1500 pieces in 48 hours; 8 days: Full resolution
7. Summary: Given the above data, you may consider the following strategy.
(a) First, place all the edge pieces to frame the puzzle (almost everyone does this).
(b) Use the color and pattern technique to place pieces into groups. Amy usually uses the Match Approach, using the poster to match random pieces to the precise location on the fixed puzzle. This creates multiple islands of puzzles inside the fixed puzzle. Eventually, the islands give way to attach to form multiple peninsulas.
(c) As you complete about 40% of the puzzle, you can switch to the Ad Hoc Approach in which random pieces can be affixed to the fixed puzzle. Your success rate climbs rapidly at this point.
B. Vocabulary
1. Very few of us grow up naming the parts or shapes of puzzle pieces.
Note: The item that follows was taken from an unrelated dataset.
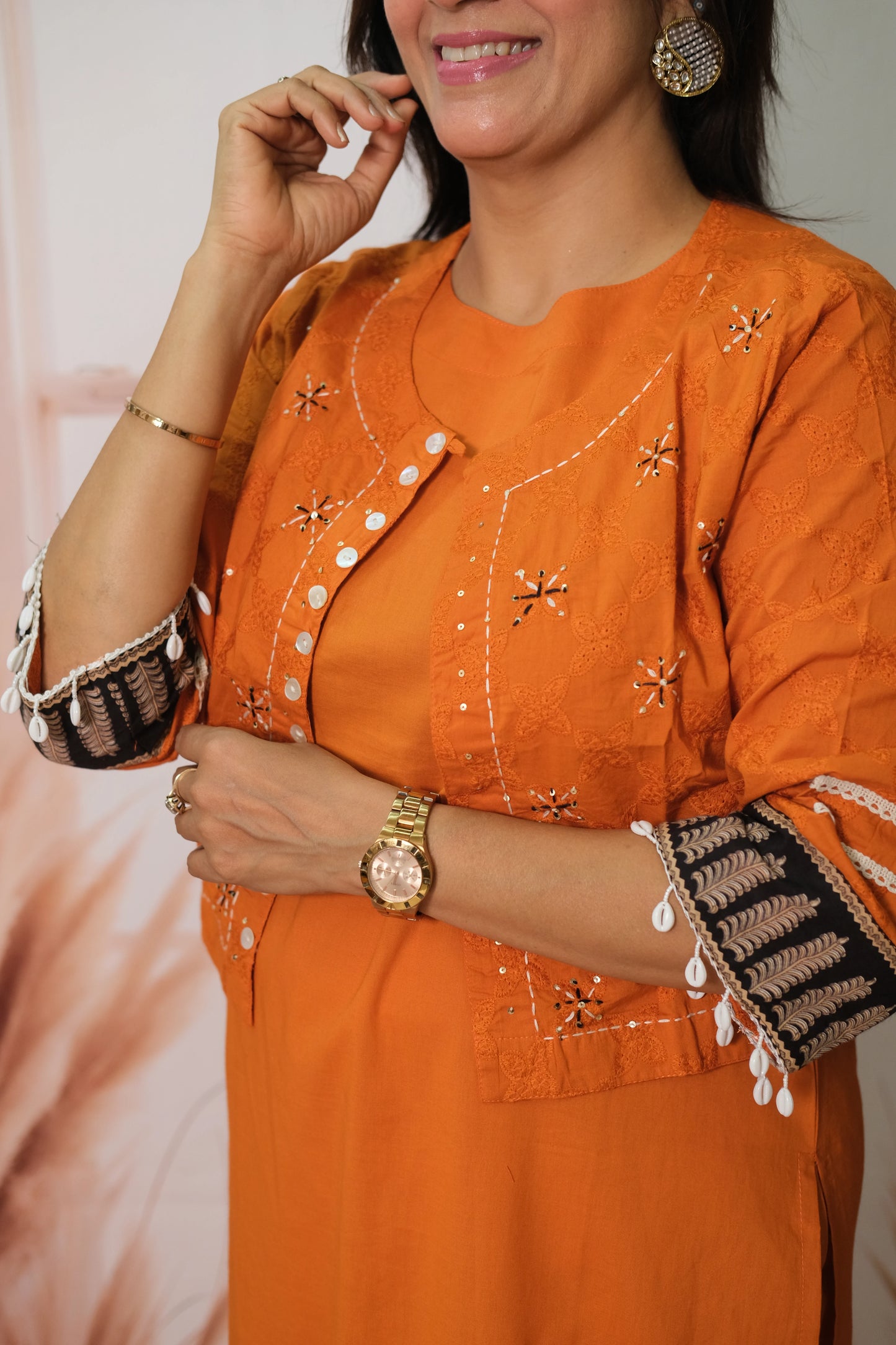 Orange Kurta Pant Set with Embroidered Koti in Soft Cotton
If you were to learn a new language, does the professor start by saying, “These are the names of puzzle pieces …” When I land in Amsterdam, getting to my hotel room may be puzzling to me, but I am not communicating to the taxi driver the names of puzzle pieces.
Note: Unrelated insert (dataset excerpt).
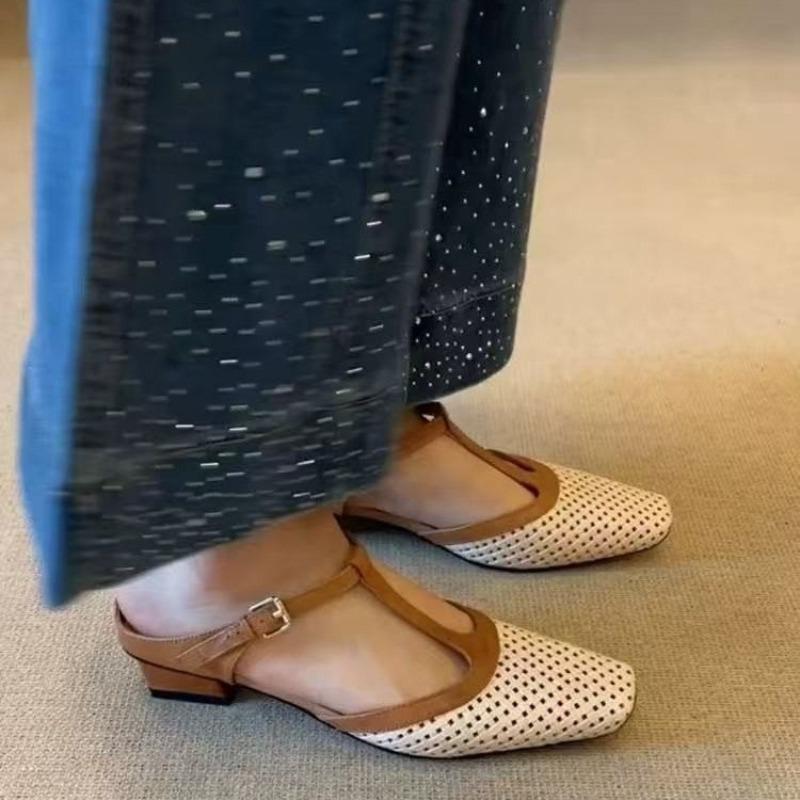 Women Mid Heels Slippers Fashion Square Toe Mules Shoes Heeled Sandals 2025 Slingback Flip Flops New Pumps Dress Mujer Zapatos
2. If you work with a team to complete a puzzle, then it is useful to come up with names for puzzle pieces. The names that I coin may not be thee same as those chosen by you. If I tell my partner “I am looking for ‘elephant ears’ ” she may look at me with a funny face.
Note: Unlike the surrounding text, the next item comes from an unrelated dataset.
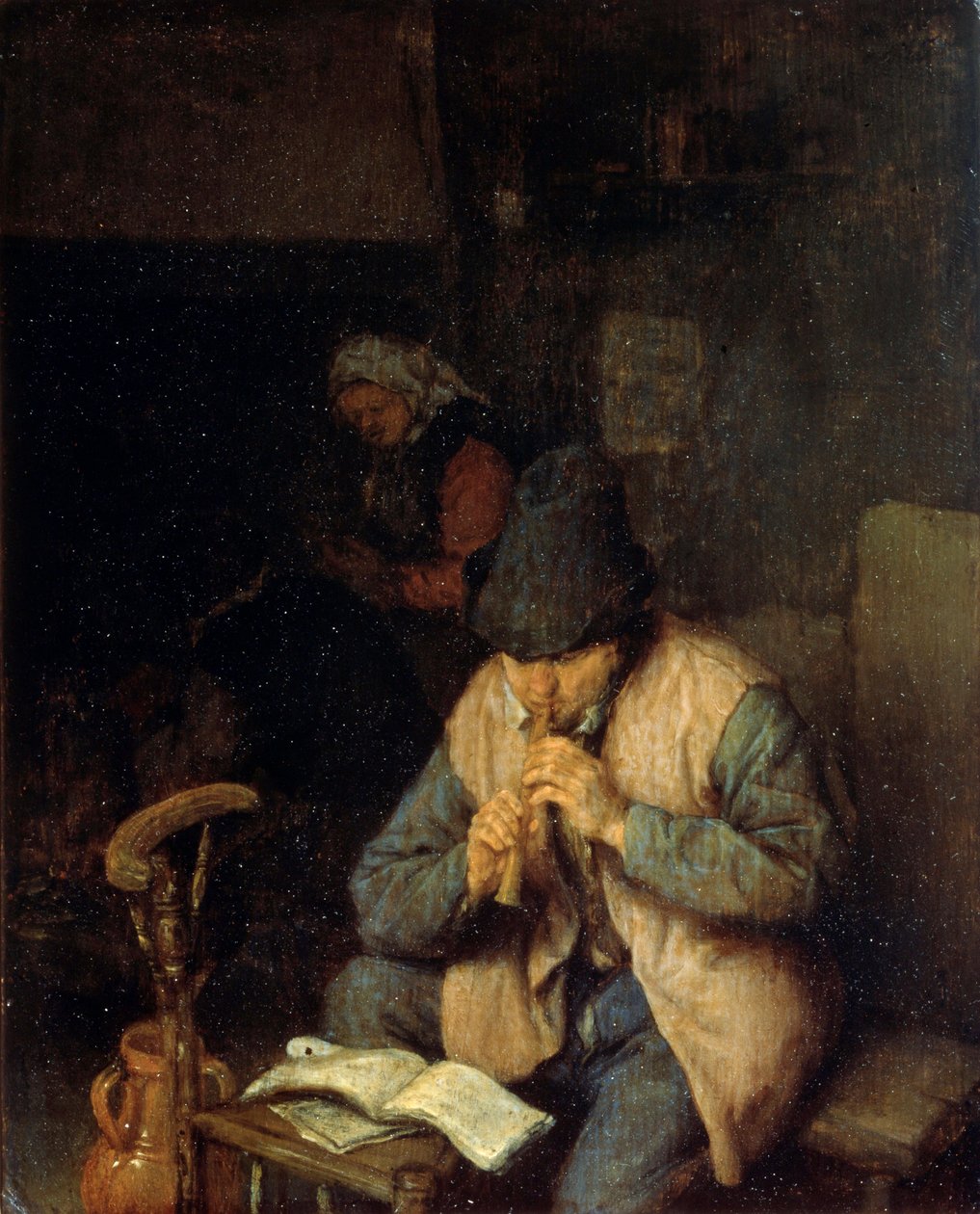 Een Fluitist, c1660 door Adriaen Jansz. van Ostade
3. In the image above, I have given names to many puzzle parts: Head, Socket, and Shoulder. You shall notice that these pieces are relatively symmetric and have no color or pattern. Once you consider colors and patterns, then you can give additional names to these patterns. I organize groups according to the colors of the rainbow: red, orange, yellow, green, blue indigo and violet (ROYGBIV).
4. I went to nautiluspuzzles.com and made note of their names for puzzle pieces:
• Tabs or Knobs (what I call Heads): These are the parts that stick out, rounded, curved, or sometimes whimsically shaped extensions that connect with other pieces.
• Blanks or Sockets: The inverse of tabs, these are the indentations or holes into which tabs slide.
• Edges: Pieces with a flat edge define the boundary of the puzzle. These are your anchor pieces, the first many puzzlers seek.
• Corners: The VIPs of edge pieces. With two flat sides, they mark the true beginning or satisfying end of any puzzling journey.
• False Edges: Tricky pieces with one straight edge that don't actually belong on the outer border, added for challenge and misdirection in advanced puzzles.
C. Orientation
• Very often a regular puzzle is cut with a die that leaves a certain orientation. You will notice that some rows are tall while others are rather squat in height. This is very useful. Of course, if there is printed pattern, then this improves the orientation.
• Asymmetry is your friend. When you find that one piece in a thousand that has that weird shape, you know exactly where it goes: at least you have narrowed it down considerably. Asymmetry defines orientation on its own, since the matching fixed piece is oriented only in one direction.
• Irregularly-irregular cut puzzles. These are very difficult. Throw away the math! Perhaps re-gift it!
D. Psychology
• If I receive a puzzle with more than 1000 pieces, or where the background is all one color. I know instinctively that this one is going to be difficult. It usually sits on the shelf for months. I am thinking to define how crazy I must be to even attempt to solve this puzzle. I also know that I will block off over a week of my time, and need to schedule accordingly. If I have a team member, are they willing to help or just say “Hasta la vista, baby!”
• At the beginning of the puzzle there is enthusiasm. The border is the easy part. After 20 minutes, it is all famed in. You marvel at your accomplishment. Then you realize, the hard part begins. Let’s call it a day!
• There are times I can’t go to sleep because I am thinking about the puzzle: that piece with that shape, that asymmetry, that color! I know where it goes! Or do I? I got to get up and find out!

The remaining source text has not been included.